Currency, growth in manufacturing to support continued economic growth
Malaysia’s competitive currency, growth in manufacturing activity and a resumption in infrastructure projects are expected to support continued economic growth.
According to Deloitte’s latest Voice of Asia report, strong domestic demand led by household spending underpin Malaysia’s economic resilience, and its exports have outperformed.
“Its competitive currency, growth in manufacturing activity and a resumption in infrastructure projects are expected to support continued economic growth,” the report revealed.
The Asian economy is set for a rebound in 2020 as some of 2019’s export headwinds ease, policymakers pro-growth policies reinvigorate domestic economies, Southeast Asia continues to emerge as a global powerhouse, and consumption remains a bright spot, according to the report.
However, the report argues, three main downside risks must be contained for this predicted rebound to emerge.
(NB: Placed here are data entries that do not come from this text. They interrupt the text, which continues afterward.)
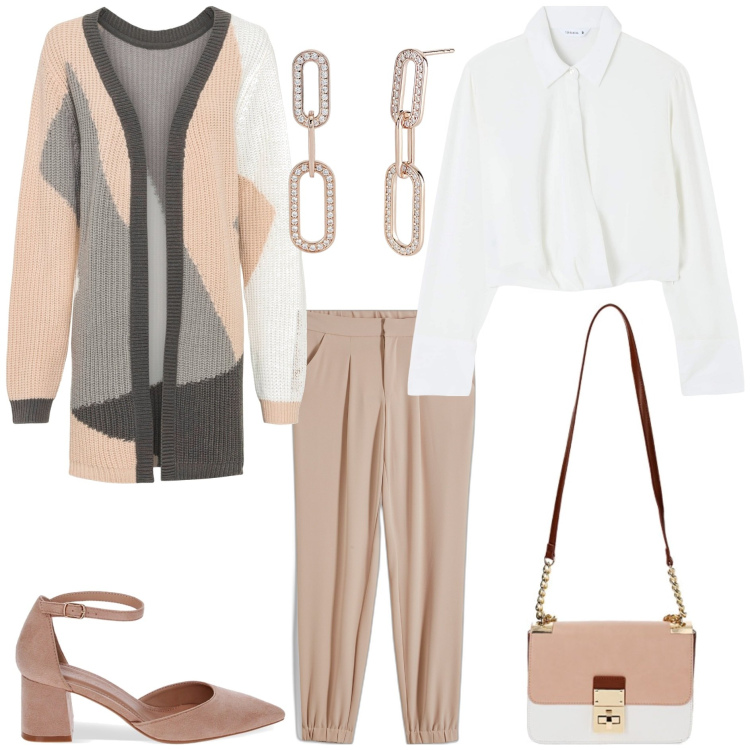 Outfit donna - Perfetta per ogni occasione. Stile Minimal per Tutti i giorni. Abbinamento con cardigans, pantaloni, bluse, orecchini, décolleté, borse a tracolla.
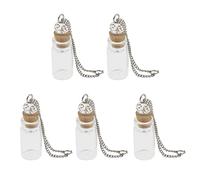 Teruyol 5 Pezzi Bottiglia Ciondolo Collana Mini Vetro con Tappi per Profumo Decorazione Fai da Te Accessori Conservazione Porta Messaggi Adatto per, Trasparente
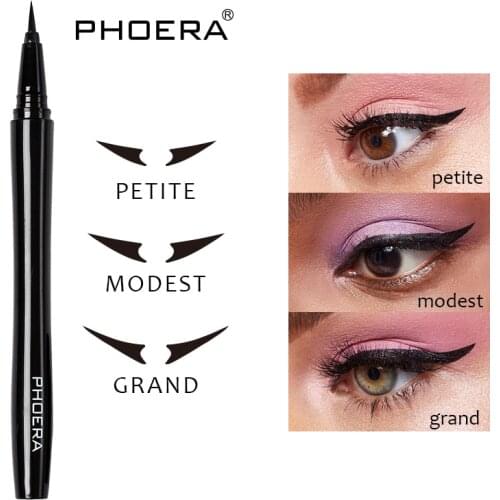 PHOERA Liquid Eyeliner Pencil Makeup Lasting Waterproof Not-blooming Eyeliner Pen with 12 Pair Eyeliner Tail Sticker TSLM1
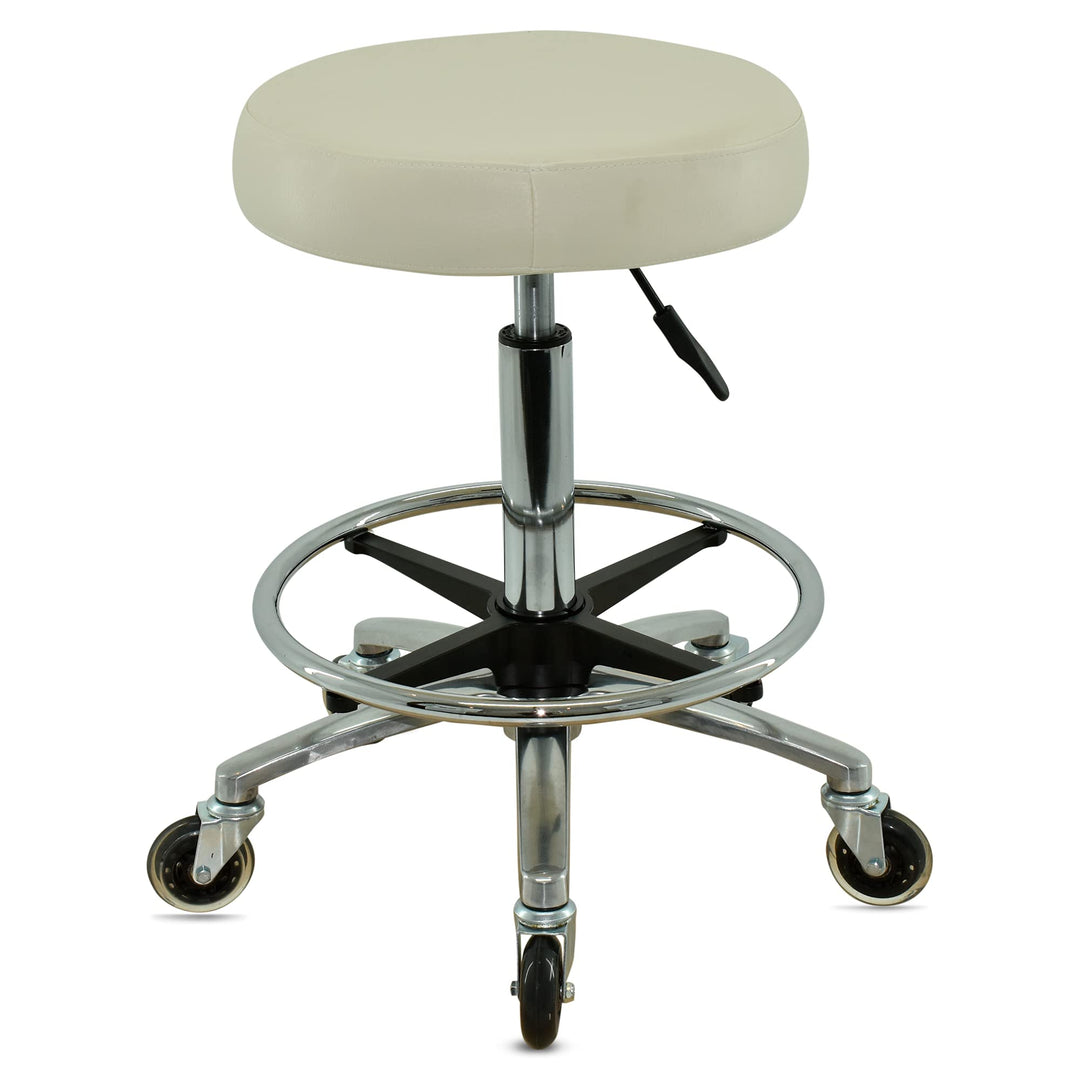 Premium Rollhocker weiss mit Fussring - Höhenverstellbar von 55-75 cm - Rundsitz Drehhocker Arbeitsh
That is, economies should avoid excessive stimulus that could cause a boom-bust cycle, US policy needs to remain stable, and financial risks, particularly from quantitative easing, need to continue to be reined in.
In Southeast Asia, pro-growth policies have been encouraged by rate cuts in the US and Europe, and economies including Indonesia, the Philippines, Malaysia and Singapore are expected to increase spending on public projects as a proportion of gross domestic product (GDP).
“There are also positive signs on the trade integration front,” Deloitte Asia Pacific Clients and Industries leader Vivian Jiang said.
“The Comprehensive and Progressive Trans-Pacific Partnership gives its 11 members, including four Asean economies, enhanced market access, and the Regional Comprehensive Economic Partnership will reduce export-import paperwork and has introduced a limited degree of service sector liberalisation.”
Addressing specific sectors, the report suggests the automotive and aviation sectors will be bright spots after a period in the doldrums, with electronics another highlight.
“The decline in the automotive sector since 2018 was caused by factors including new emission standards in several markets, and other restrictions on production,” Vivian said.
“This decline is likely to reverse this year, with a further boost from continued luxury sales volume growth. Problems in the aviation sector are likely to ease as well, and there are signs of a resurgence in semiconductor billings, which should boost the electronics sector to help drive regional exports.”
On consumption, the report suggests, Asia can look forward to increased demand driven by labor market stability, increasing remittances, and easing monetary conditions.
“China’s consumer story remains intact even as household leverage continues to increase,” Deloitte China chief economist Sitao Xu said.
“High debt is bound to limit people’s ability to consume, and banks’ non-performing loans could rise if home prices decline, but there tends to be more willingness among Chinese parents to help out their families if debt does become an issue.”
The Voice of Asia report is also positive on prospects for the infrastructure sector, which is increasingly emphasised by governments across the region. In Indonesia, the Philippines, Malaysia and Singapore, public works spending is rising as a proportion of GDP.